MemSQL Database Backup Takes up Twice the Amount of Reported Disk Usage under MemSQL Studio

Hey all,

I don’t know if this is very simple solution that I missed elsewhere, but I’m currently running a setup with 1 master aggregator and 1 leaf node, with high availability off. MemSQL Studio reports the total disk usage as 1.6 TB, yet whenever I backup the database, it ends up taking twice the space > 3 TB.

Is there a redundancy setting I can disable somewhere, so that this database backup size only ends up as 1.6 TB? This would actually help us save time, as we don’t own extra SSDs in the >= 3TB range.

Thanks

Are you using columnstores or rowstores?

And where are you seeing the size of the backup?

Hey Hanson, sorry for delay, just now getting back to this topic.

The majority of my database (now 1.83 TB) are columnstore tables, while my rowstore data accounts for at most 1.1 GB. I am viewing the approximate database size within the MemSQL Studio dashboard.

Below is what’s displayed on my dashboard, whereas my actual disk usage accounts for now 5.8 TB. I’ve verified the only contents of this hard drive RAID array is the MemSQL database.

  • Is there a way to clear any possible duplicate data, further reducing the actual disk size of my database?
  • Is there a need for 24 partitions?

What do you get as a result for this?

select @@redundancy_level;

The number of partitions shouldn’t have a significant impact on database and backup data space usage, given the size of your data.

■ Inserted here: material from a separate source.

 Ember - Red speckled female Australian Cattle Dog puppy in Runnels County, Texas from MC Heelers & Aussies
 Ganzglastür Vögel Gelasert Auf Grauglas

And are you sure you are only storing a single backup?

MySQL [(none)]> select @@redundancy_level;
+--------------------+
| @@redundancy_level |
+--------------------+
|                  1 |
+--------------------+

And yes, I just restored this backup onto a new server. This single database is reporting 1.83 TB of usage while also consuming 5+ TB, and there are no database backup files in the [memsql-node-path]/data directory.

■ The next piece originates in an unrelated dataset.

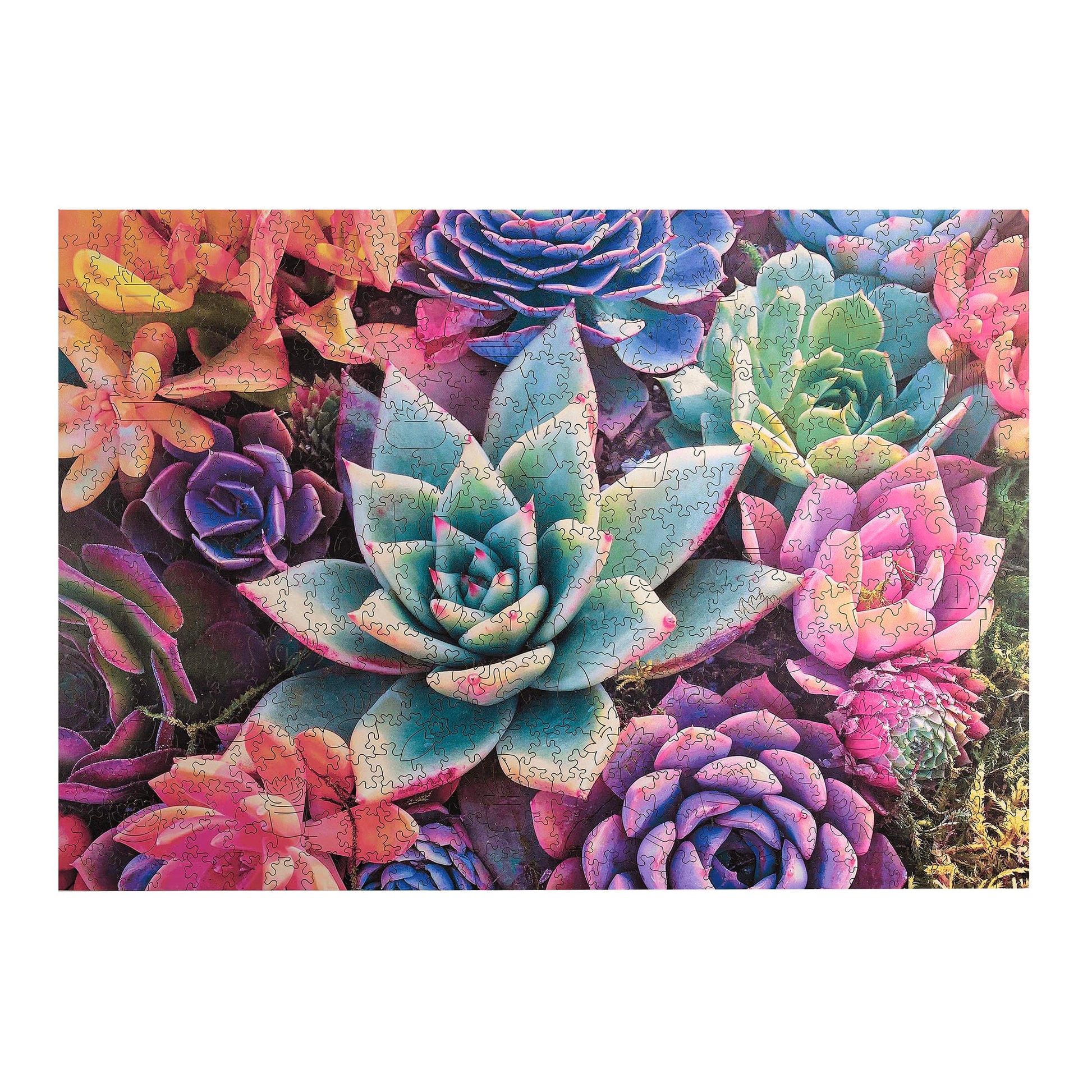 Buffalo Games - 500 Piece Wooden Jigsaw Puzzle Simple Succulents, Whimsy Cut Pieces, 26.75 x 19.75, Poster, Cloth Bag, Wooden Box, Adults 14+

So two machines are hosting this database backup, as MemSQL Studio on both display 1.83 TB.

Our engineer says that even with redundancy 2, we only back up the master partition, and the backup should be of size comparable to the DB, not double. I don’t have a next step to offer you at this point. If you’re a paying customer, you can file a support ticket.

No problem, thanks Hanson. The bulk of my data comes from the [leaf-path]/data/blobs directory, yet I’m starting to think perhaps the way I’m creating columnstore shards may also have something to do with the larger than expected database.